I was going to leave a comment on the VSSA blog, but apparently a Google account is required, which my readers will well know I no longer have.
So…I’ll do this here.
The un-named pro-rights group that the VSSA blogger was back-handedly insulting was the Virginia Citizens Defense League, of which I was an Executive Member until fairly recently.
I have, both here on my blog, as a blogger for VCDL, and as an EM, strongly supported the concept and advocated the need for a castle doctrine bill here in Virginia. I know no-one at VCDL who is opposed to the concept in principle.
But neither I, nor VCDL leadership, will endorse a law that may potentially do more harm than good.
The added language notwithstanding, the proposed bill backed by the NRA and VSSA still had a glaring, huge, deadly flaw:
Any person who lawfully occupies a dwelling is justified in using any degree of physical force, including deadly physical force, against another person when (i) the other person has unlawfully entered the dwelling and has committed an overt act toward the occupant or another person in the dwelling [bold added -ed]
Right now, there is no requirement in Virginia Law or established case law for an overt act to have occurred. The only requirement is a reasonable belief that bodily injury is imminent.
Under the language of this bill, the defender would be required to wait until the criminal, who has already broken into their home, commits ANOTHER overtly hostile act before self defense is protected by the proposed law.
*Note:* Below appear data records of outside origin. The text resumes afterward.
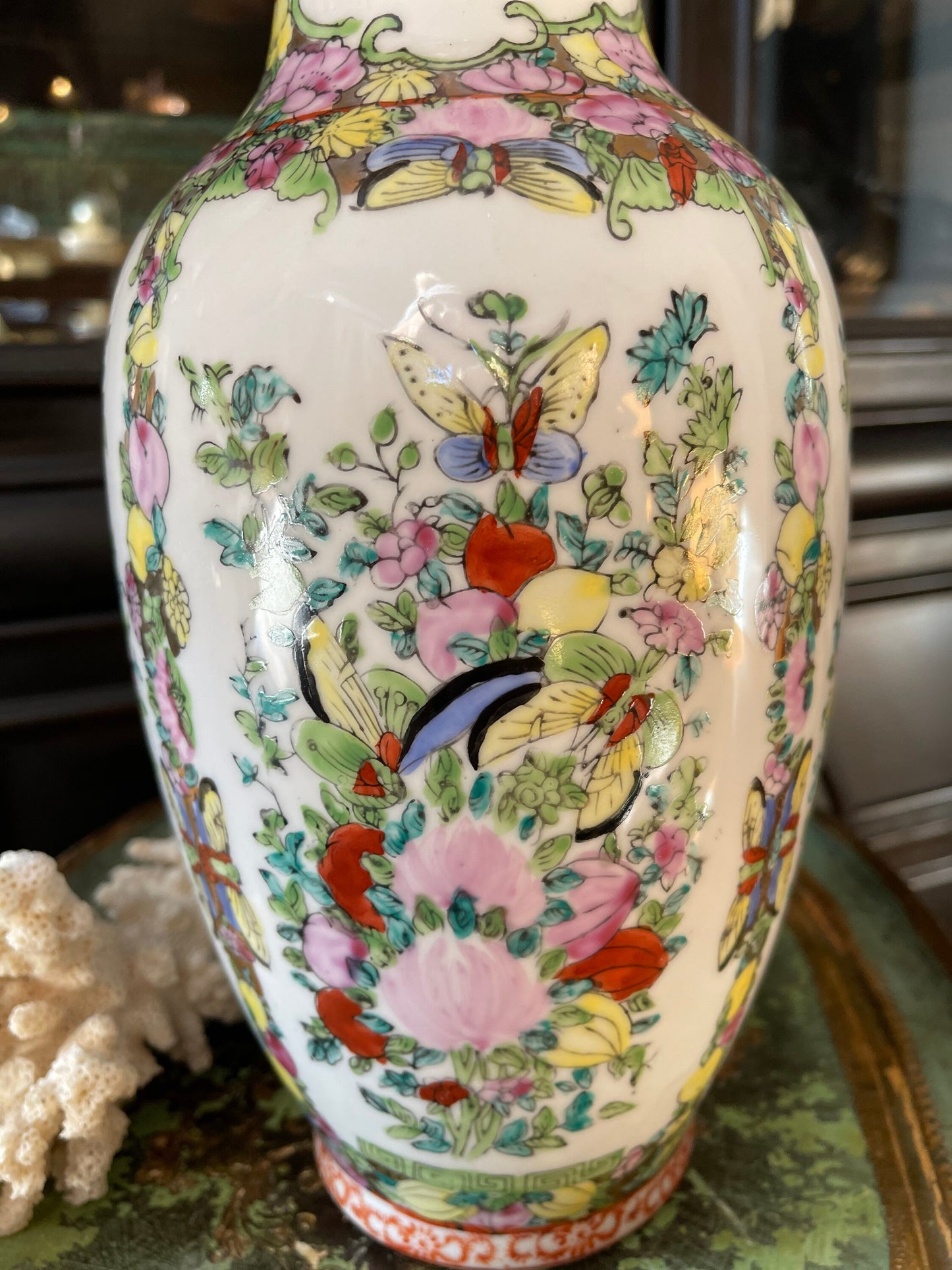 Vintage 12” Famille Rose Vase Chinoiserie Chinese Ceramic Ming Qing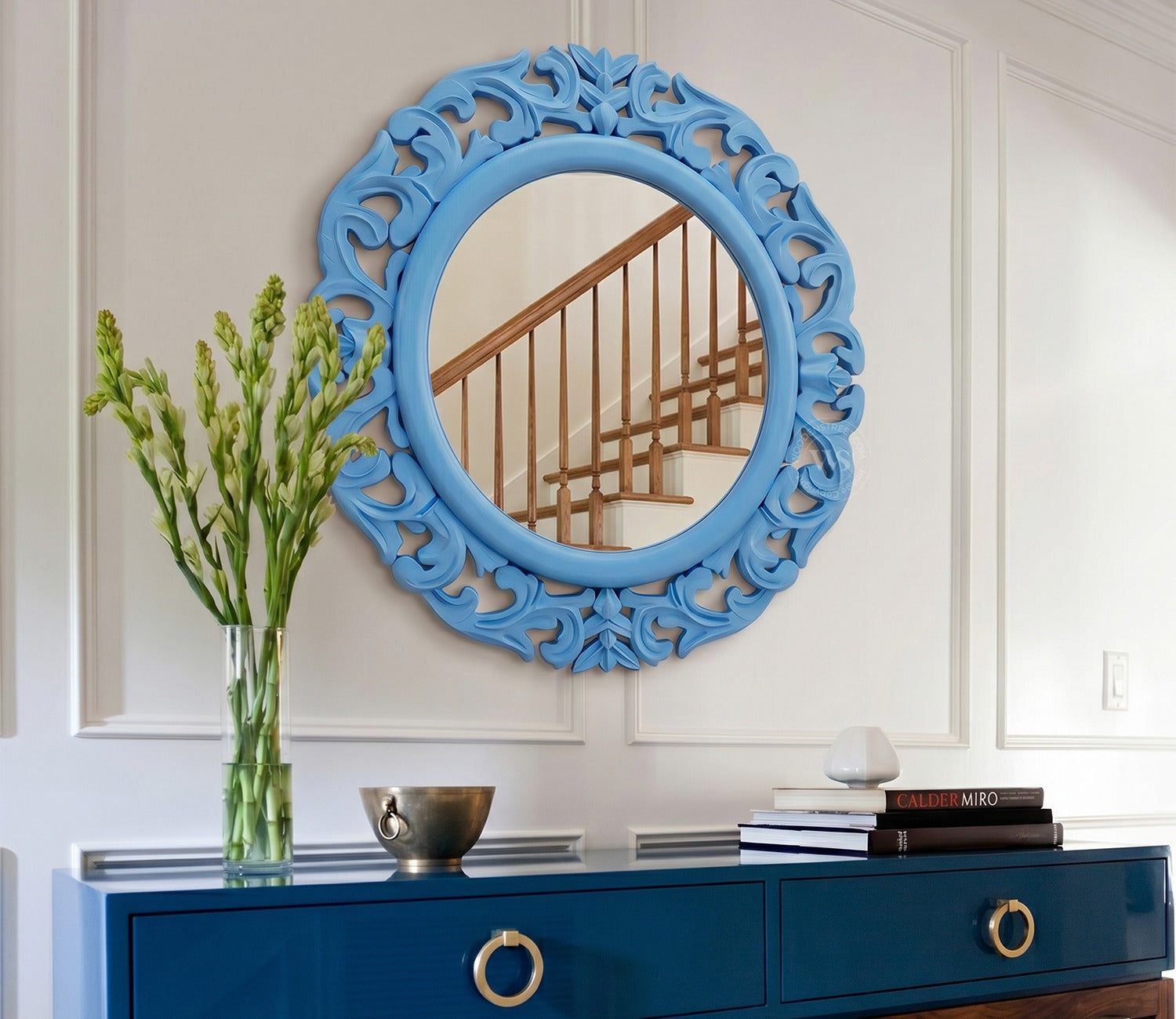 Echo Circular Carved Wall Mirror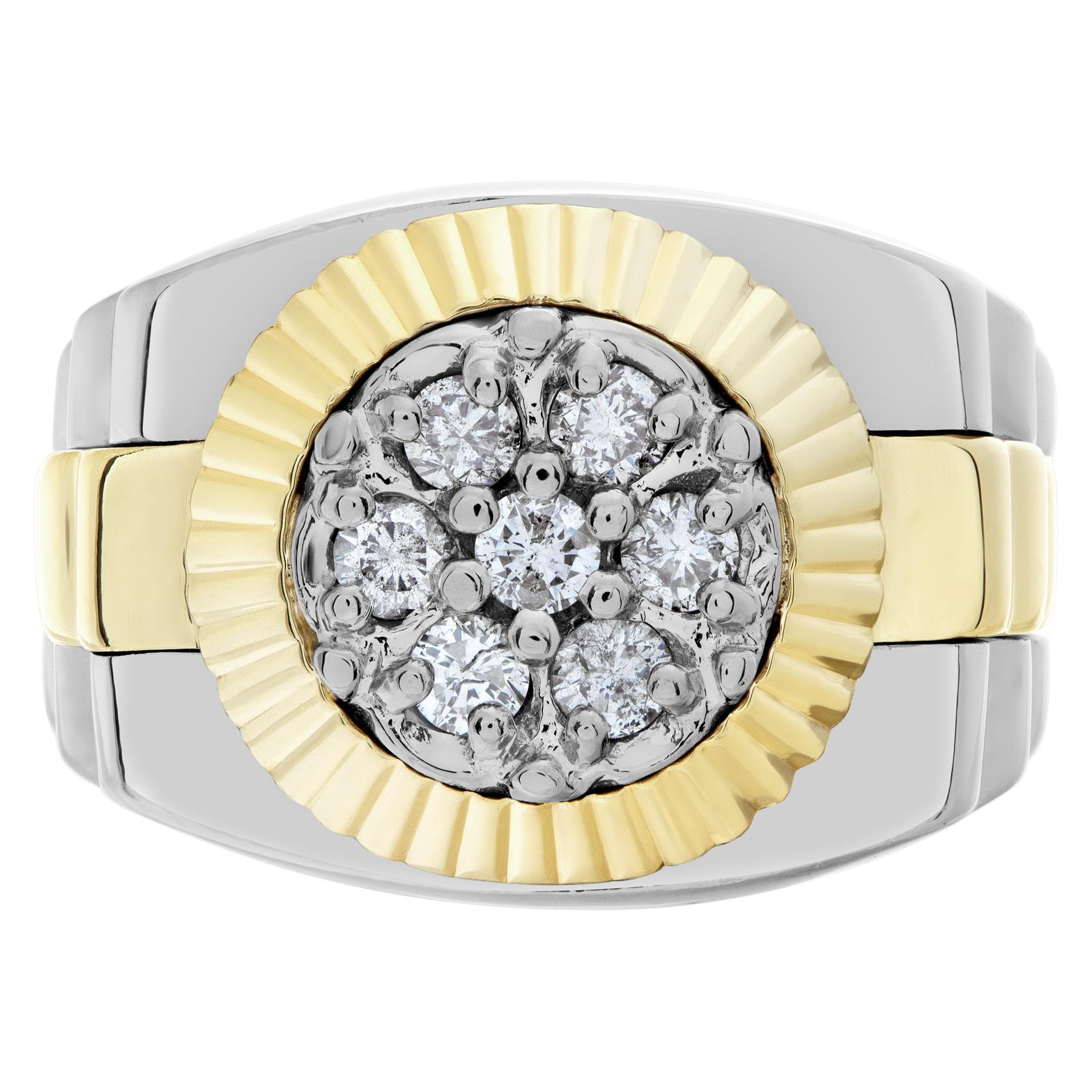 President style diamond ring in 14k white and yellow gold. Round brilliant cut diamonds total approx. weight: 0.35 carat, estimate: G-H color- VS/SI clarity. Ring size 8  This Diamond ring is currently size 8 and some items can be sized up or down,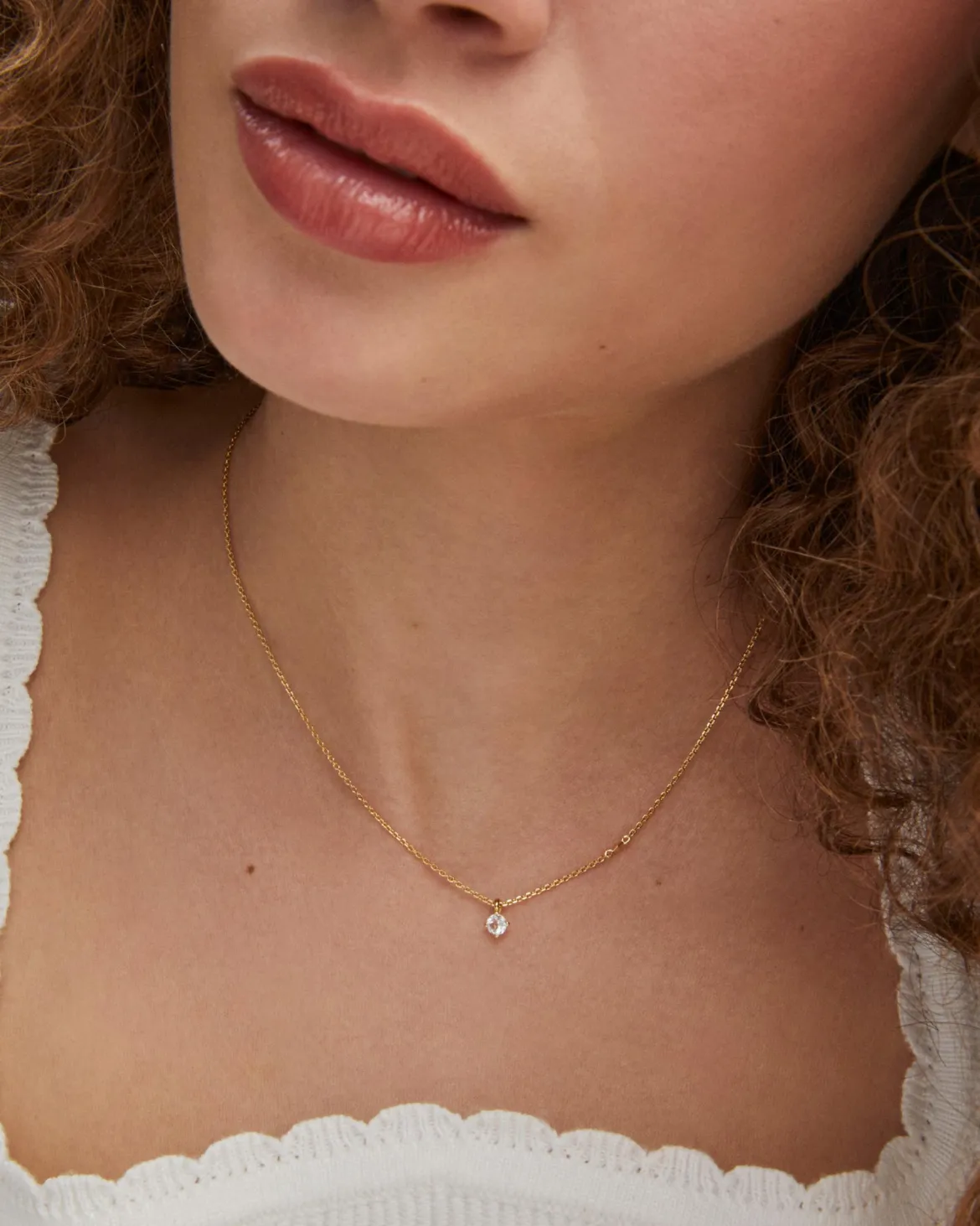 Maisie 18k Gold Vermeil April Pendant Necklace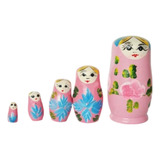 Boneca Madeira Matryoshka 10 5 Cm Russa Rosa 5 Peças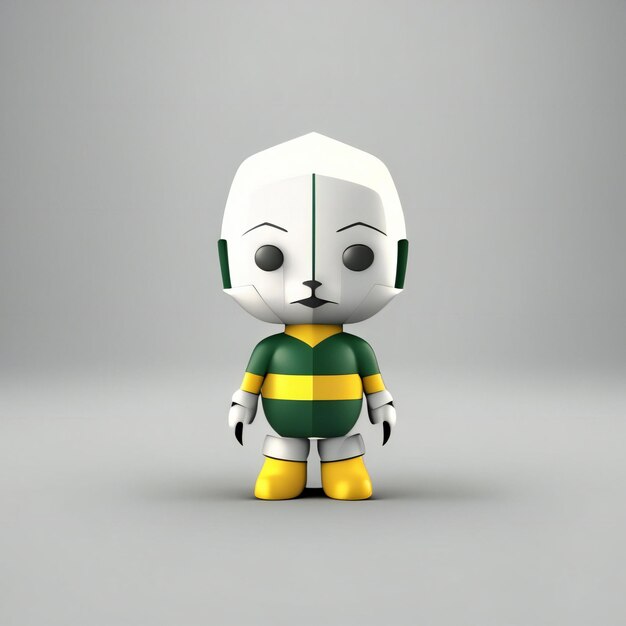 Personagem mascote nas cores verde e branco Generative AI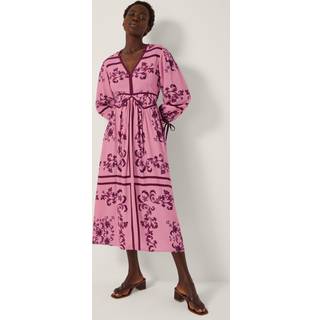 Monsoon Monsoon Pink Matilde Floral Print Long Sleeve Midi Dress - Medium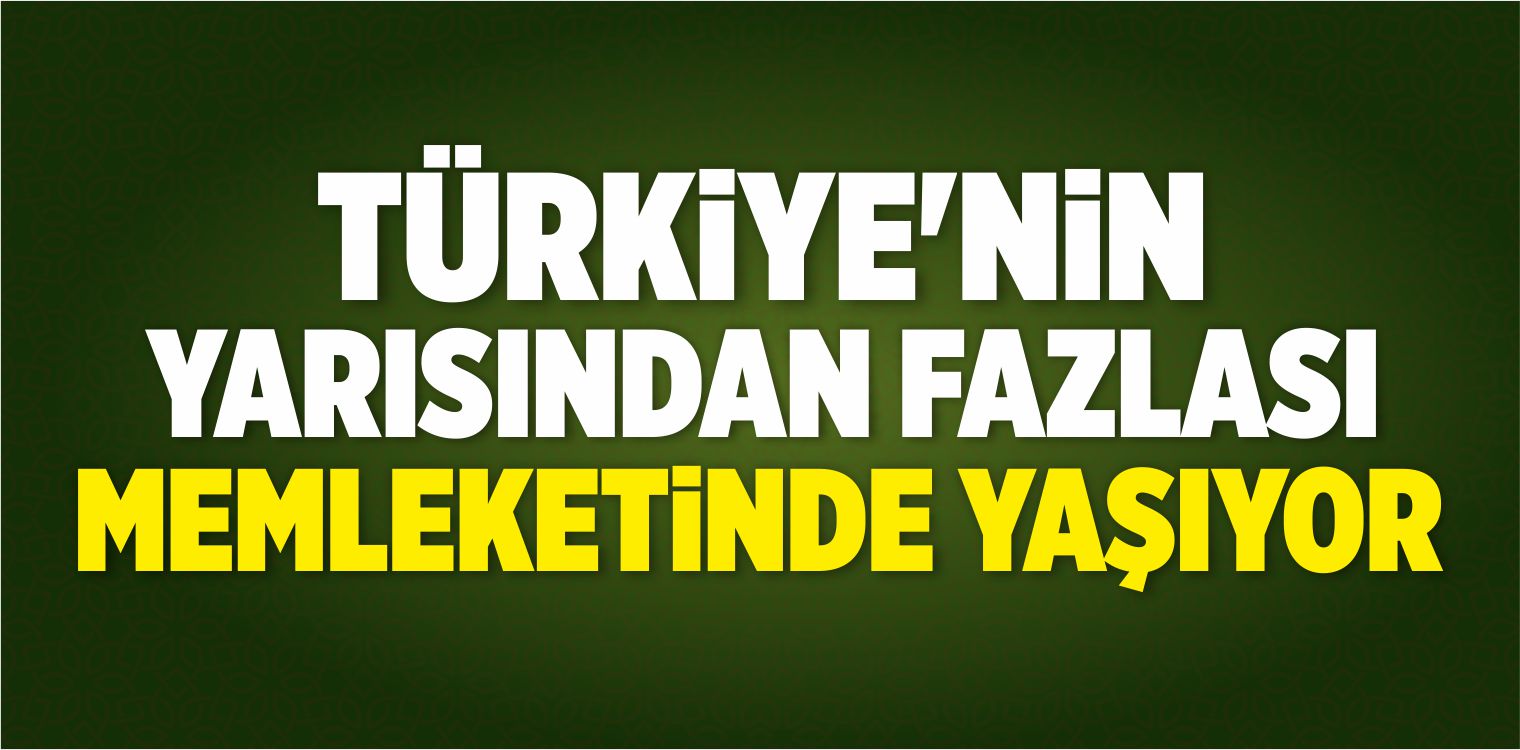 Türkiye’nin Yarısından Fazlası Memleketinde Yaşıyor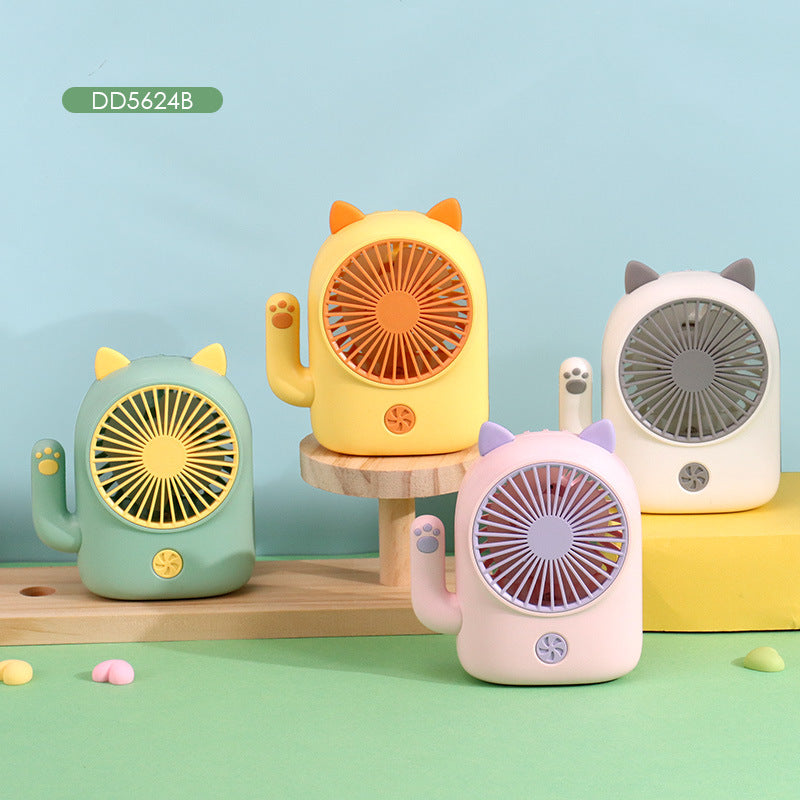 New cartoon mini fan summer outdoor portable USB rechargeable fan student dormitory desktop fan
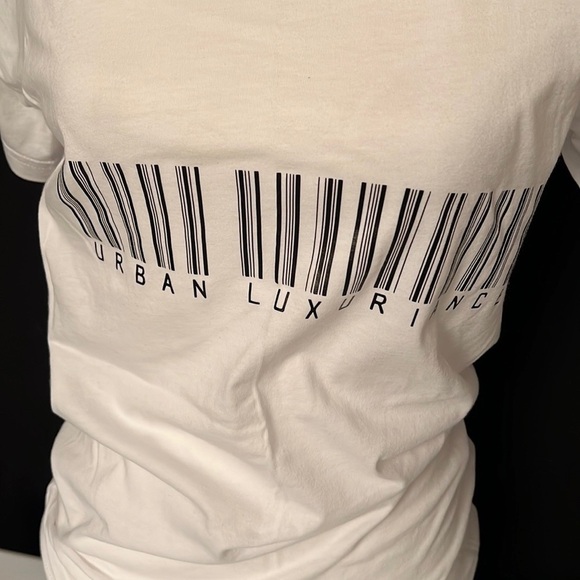 BELLA Canvas White Urban Luxuriance Barcode T shirt - Picture 2 of 3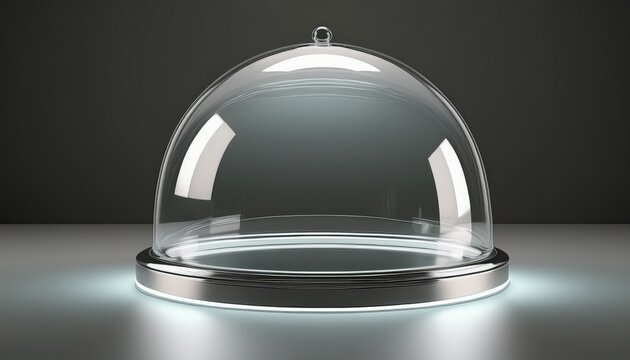 clear glass dome 3d render with rim light and soft shadow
This is clearly unacceptable. Versus adding a vague statement about this law not being construed to change any existing laws (which could be interpreted any number of ways by a creative judge who “discourages self-help”), how about fixing the language itself? All they would have had to have done is strike the “overt act” requirement.
I would prefer any such law to include a presumption of imminent bodily injury when defending one’s castle against an unlawful intruder, but would have been satisfied with just the removal of the “overt act” language.
The bottom line is that this bill was fatally flawed and needed to be defeated. It may sting the NRA and its affiliates to be defeated by an upstart like VCDL, but if they want our support, they need to earn it. Attempting to equate VCDL to anti-gun groups when the two opposed this legislation for exact opposite reasons is hardly the way to win support for your cause.